PySpark XGBoost integration #8020

WeichenXu123 · 2022-06-21T14:39:15Z

Signed-off-by: Weichen Xu weichen.xu@databricks.com

PySpark XGBoost integration.

class SparkXGBRegressor(_SparkXGBEstimator):
    """
    SparkXGBRegressor is a PySpark ML estimator. It implements the XGBoost regression
    algorithm based on XGBoost python library, and it can be used in PySpark Pipeline
    and PySpark ML meta algorithms like CrossValidator/TrainValidationSplit/OneVsRest.

    SparkXGBRegressor automatically supports most of the parameters in
    `xgboost.XGBRegressor` constructor and most of the parameters used in
    `xgboost.XGBRegressor` fit and predict method (see `API docs <https://xgboost.readthedocs\
    .io/en/latest/python/python_api.html#xgboost.XGBRegressor>`_ for details).

    SparkXGBRegressor doesn't support setting `gpu_id` but support another param `use_gpu`,
    see doc below for more details.

    SparkXGBRegressor doesn't support setting `base_margin` explicitly as well, but support
    another param called `base_margin_col`. see doc below for more details.

    SparkXGBRegressor doesn't support following params:
      `gpu_id`, `enable_categorical`, `use_label_encoder`, `n_jobs`, `nthread`,
      `validate_features`, `output_margin`, `base_margin` param.

    callbacks:
        The export and import of the callback functions are at best effort.
        For details, see :py:attr:`xgboost.spark.SparkXGBRegressor.callbacks` param doc.
    missing:
        The parameter `missing` in SparkXGBRegressor has different semantics with
        that in `xgboost.XGBRegressor`. For details, see
        :py:attr:`xgboost.spark.SparkXGBRegressor.missing` param doc.
    validationIndicatorCol
        For params related to `xgboost.XGBRegressor` training
        with evaluation dataset's supervision, set
        :py:attr:`xgboost.spark.SparkXGBRegressor.validationIndicatorCol`
        parameter instead of setting the `eval_set` parameter in `xgboost.XGBRegressor`
        fit method.
    weightCol:
        To specify the weight of the training and validation dataset, set
        :py:attr:`xgboost.spark.SparkXGBRegressor.weightCol` parameter instead of setting
        `sample_weight` and `sample_weight_eval_set` parameter in `xgboost.XGBRegressor`
        fit method.
    xgb_model:
        Set the value to be the instance returned by
        :func:`xgboost.spark.SparkXGBRegressorModel.get_booster`.
    num_workers:
        Integer that specifies the number of XGBoost workers to use.
        Each XGBoost worker corresponds to one spark task.
    use_gpu:
        Boolean that specifies whether the executors are running on GPU
        instances.
    base_margin_col:
        To specify the base margins of the training and validation
        dataset, set :py:attr:`xgboost.spark.SparkXGBRegressor.base_margin_col` parameter
        instead of setting `base_margin` and `base_margin_eval_set` in the
        `xgboost.XGBRegressor` fit method.
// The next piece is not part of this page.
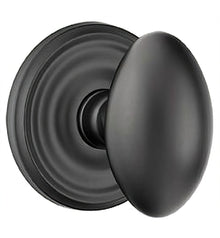 Emtek 8100EUS Egg Knob Passage With Regular Rose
Note: this isn't available for distributed
        training.

    >>> from xgboost.spark import SparkXGBRegressor
    >>> from pyspark.ml.linalg import Vectors
    >>> df_train = spark.createDataFrame([
    ...     (Vectors.dense(1.0, 2.0, 3.0), 0, False, 1.0),
    ...     (Vectors.sparse(3, {1: 1.0, 2: 5.5}), 1, False, 2.0),
    ...     (Vectors.dense(4.0, 5.0, 6.0), 2, True, 1.0),
    ...     (Vectors.sparse(3, {1: 6.0, 2: 7.5}), 3, True, 2.0),
    ... ], ["features", "label", "isVal", "weight"])
    >>> df_test = spark.createDataFrame([
    ...     (Vectors.dense(1.0, 2.0, 3.0), ),
    ...     (Vectors.sparse(3, {1: 1.0, 2: 5.5}), )
    ... ], ["features"])
    >>> xgb_regressor = SparkXGBRegressor(max_depth=5, missing=0.0,
    ... validation_indicator_col='isVal', weight_col='weight',
    ... early_stopping_rounds=1, eval_metric='rmse')
    >>> xgb_reg_model = xgb_regressor.fit(df_train)
    >>> xgb_reg_model.transform(df_test)

class SparkXGBClassifier(_SparkXGBEstimator, HasProbabilityCol, HasRawPredictionCol):
    """
    SparkXGBClassifier is a PySpark ML estimator. It implements the XGBoost classification
    algorithm based on XGBoost python library, and it can be used in PySpark Pipeline
    and PySpark ML meta algorithms like CrossValidator/TrainValidationSplit/OneVsRest.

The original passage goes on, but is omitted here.